[Date Prev][Date Next][Thread Prev][Thread Next][Date Index][Thread Index]
Re: [Qemu-devel] [PATCH v3 23/32] nvdimm: build ACPI NFIT table
From: |
Michael S. Tsirkin |
Subject: |
Re: [Qemu-devel] [PATCH v3 23/32] nvdimm: build ACPI NFIT table |
Date: |
Mon, 12 Oct 2015 14:27:08 +0300 |
On Sun, Oct 11, 2015 at 11:52:55AM +0800, Xiao Guangrong wrote:
> NFIT is defined in ACPI 6.0: 5.2.25 NVDIMM Firmware Interface Table (NFIT)
>
> Currently, we only support PMEM mode. Each device has 3 structures:
> - SPA structure, defines the PMEM region info
>
> - MEM DEV structure, it has the @handle which is used to associate specified
> ACPI NVDIMM device we will introduce in later patch.
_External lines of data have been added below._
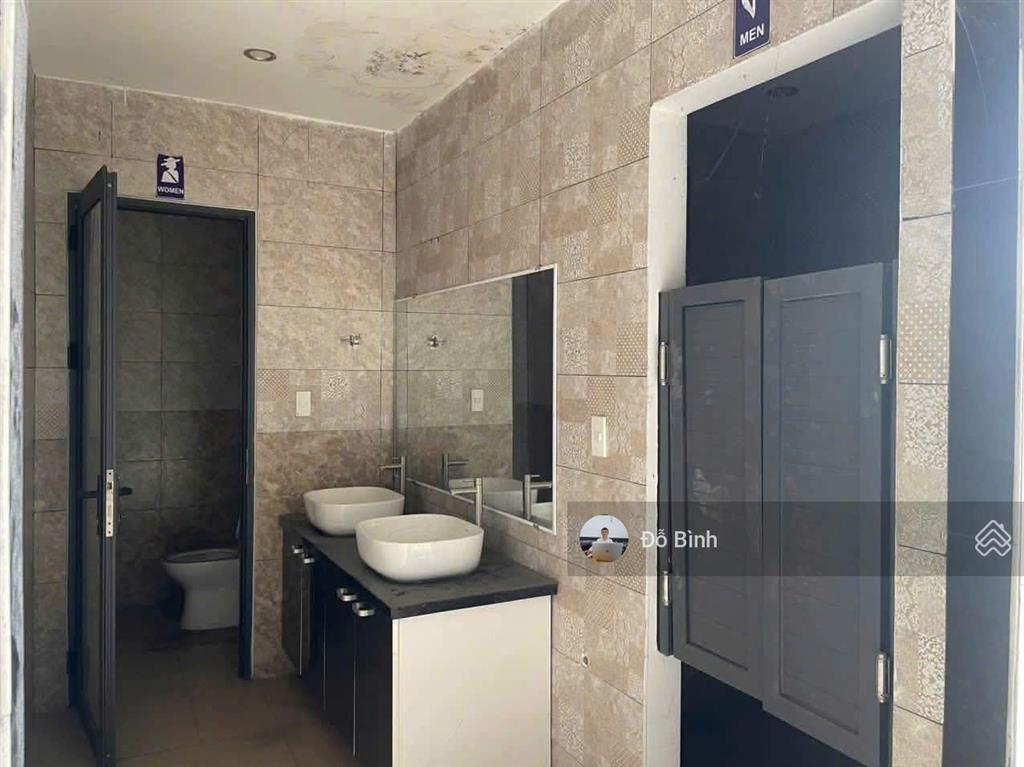 Cho thuê nhà 3 tầng thông suốt  đường bàu vàng  diện tích sử dụng 600m2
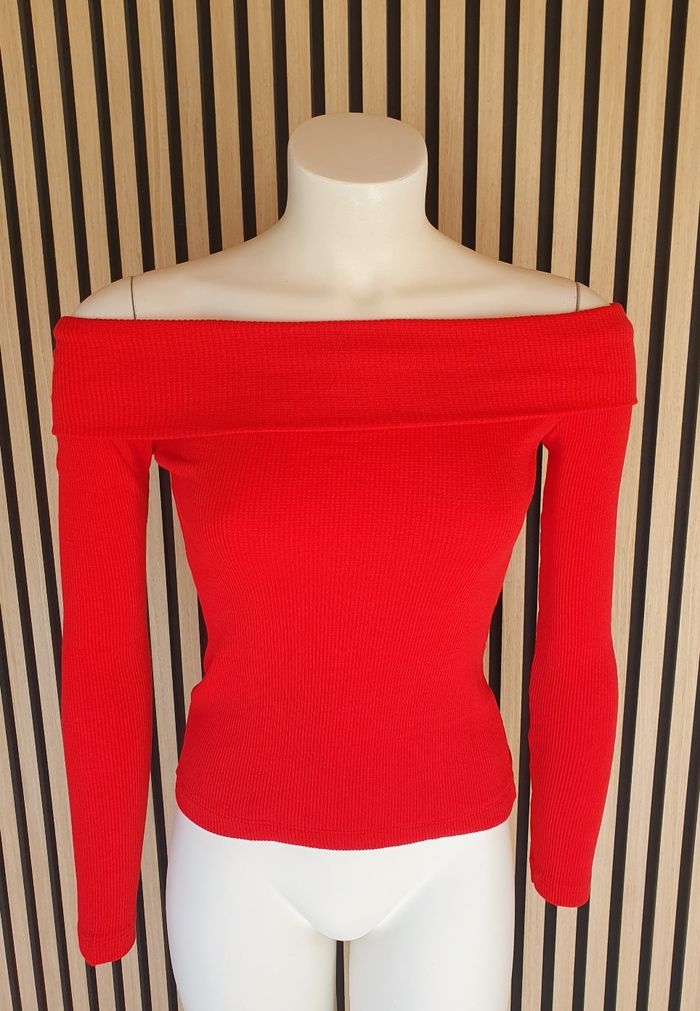 Splendide pull rouge à épaules dénudés 😍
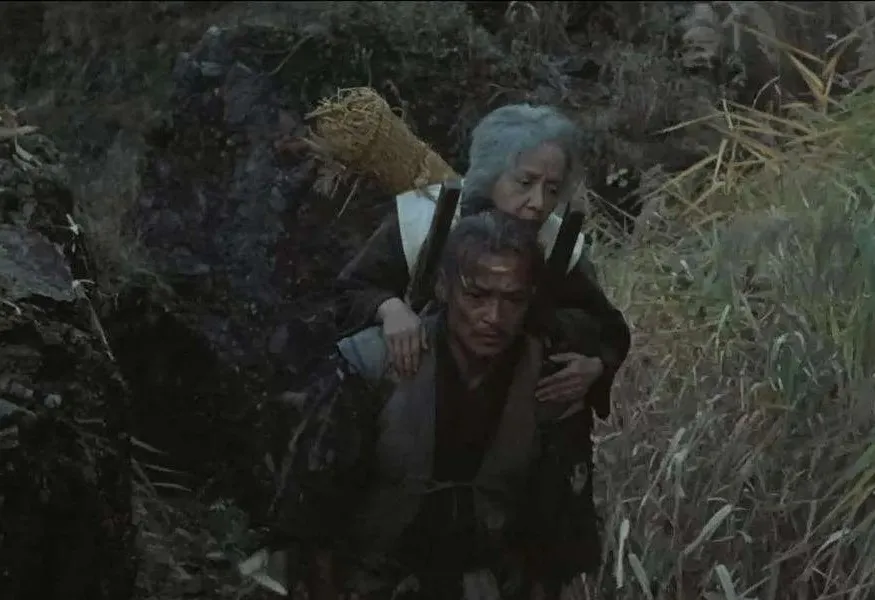 活得小心翼翼，“爸！你什么时候变得这么窝囊了？”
> Also we can happily ignored the memory device's interleave, the real
> nvdimm hardware access is hidden behind host
>
> - DCR structure, it defines vendor ID used to associate specified vendor
> nvdimm driver. Since we only implement PMEM mode this time, Command
> window and Data window are not needed
>
> Signed-off-by: Xiao Guangrong <address@hidden>
> ---
> hw/i386/acpi-build.c | 4 +
> hw/mem/nvdimm/acpi.c | 209
> ++++++++++++++++++++++++++++++++++++++++++++++-
> hw/mem/nvdimm/internal.h | 13 +++
> hw/mem/nvdimm/nvdimm.c | 25 ++++++
> include/hw/mem/nvdimm.h | 2 +
> 5 files changed, 252 insertions(+), 1 deletion(-)
>
> diff --git a/hw/i386/acpi-build.c b/hw/i386/acpi-build.c
> index 95e0c65..c637dc8 100644
> --- a/hw/i386/acpi-build.c
> +++ b/hw/i386/acpi-build.c
> @@ -1661,6 +1661,7 @@ static bool acpi_has_iommu(void)
> static
> void acpi_build(PcGuestInfo *guest_info, AcpiBuildTables *tables)
> {
> + PCMachineState *pcms = PC_MACHINE(qdev_get_machine());
I don't like more code poking at machine directly.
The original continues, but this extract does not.